Ce devoir n'existe pas au Canada. Autrement dit, le demandeur d'un brevet au Canada n'a pas l'obligation d'informer l'Office de la propriété intellectuelle du Canada (« l'OPIC ») de l'art antérieur dont il est au courant, à moins que l'examinateur ne le demande expressément.

Malgré l'absence d'une telle contrainte légale au Canada, il n'est pas rare que des agents de brevet canadiens recommandent à leurs clients de volontairement soumettre l'art antérieur. La logique sous-jacente à cette pratique est la suivante : si l'examinateur canadien est avisé de tout l'art antérieur qui pourrait nuire à la validité du brevet et qu'il décide tout de même de l'émettre, alors le brevet serait plus étoffé. Autrement dit, ce qui ne le tue pas le rend plus fort. Un jugement récent de la Cour fédérale remet toutefois en question cette prémisse.

Dans ce jugement, l'honorable juge Locke, ancien agent de brevet lui-même, se questionne quant au niveau de déférence étant dû par les tribunaux à l'égard des examinateurs de l'OPIC. Le parcours du brevet en litige dans cette affaire était tout à fait remarquable : après avoir fait face aux protêts d'une tierce partie tentant de faire invalider la demande à plus de douze reprises, le demandeur obtint finalement son brevet 17 ans après sa demande initiale. Il va sans dire que les interventions du tiers ainsi que les échanges ayant subséquemment eu lieu entre le demandeur et l'examinateur ne sont pas étrangers à ce délai hors du commun. La vie d'un brevet étant d'une durée de vingt ans, il ne restait, après ces 17 longues années, qu'un maigre trois ans à l'inventeur pour profiter de son exclusivité. En dépit de ce délai impressionnant, il était sommes toutes raisonnable de croire qu'étant donné le nombre élevé d'oppositions auxquels le brevet avait survécu, ce dernier avait fait ses preuves; il n'avait pas été tué et était donc plus fort!

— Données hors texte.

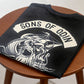 Lifestyle shot of the Vikingg Sons of Odin graphic t-shirt folded on a chair, dark aesthetic Norse streetwear.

Toutefois, aussitôt le brevet émis par l'OPIC, cette même tierce partie contesta sa validité devant la Cour fédérale, se basant sur les mêmes arguments et sur le même art antérieur que ceux sur lesquels il avait basé ses protêts auprès de l'OPIC. Le propriétaire du brevet plaida que l'examinateur avait déjà statué sur les moyens présentés par le tiers et qu'il ne les avait pas trouvés convaincants. Par conséquent, le breveté prétendait que le tribunal se devait de respecter la décision de l'OPIC et rejeter la contestation de son brevet.

Dans son jugement, le juge Locke explique que l'action en invalidité devant la Cour fédérale n'est pas, en dépit de ce qu'avançait le breveté, une révision judiciaire de la décision de l'examinateur. L'action est distincte du processus d'obtention du brevet et comprend de ce fait sa propre norme de preuve. Le devoir du juge siégeant lors de ces actions est de juger les allégations d'invalidité selon la preuve qui lui est soumise, et ce, selon la balance des probabilités. Par conséquent, le tribunal conclut qu'il ne doit aucune déférence à l'OPIC, déclarant ainsi le brevet invalide.

Quelles leçons peut-on (et même doit-on) tirer de ce jugement? D'abord, ne cessez pas de volontairement fournir l'art antérieur à l'OPIC dans vos demandes de brevet : le conseil présentement donné par plusieurs agents de brevet n'est pas moins valide. En effet, il demeure toujours d'une grande utilité de soumettre cet art à l'OPIC, ne serait-ce que pour tester davantage la validité du brevet lors de son processus d'obtention. Toutefois, cette décision confirme que ce n'est pas parce que votre brevet a passé à travers le feu une première fois, qu'il ne sera jamais resoumis aux mêmes tribulations. En d'autres termes, ce qui ne tue pas le brevet le rend plus fort, mais ne le rend pas nécessairement invincible.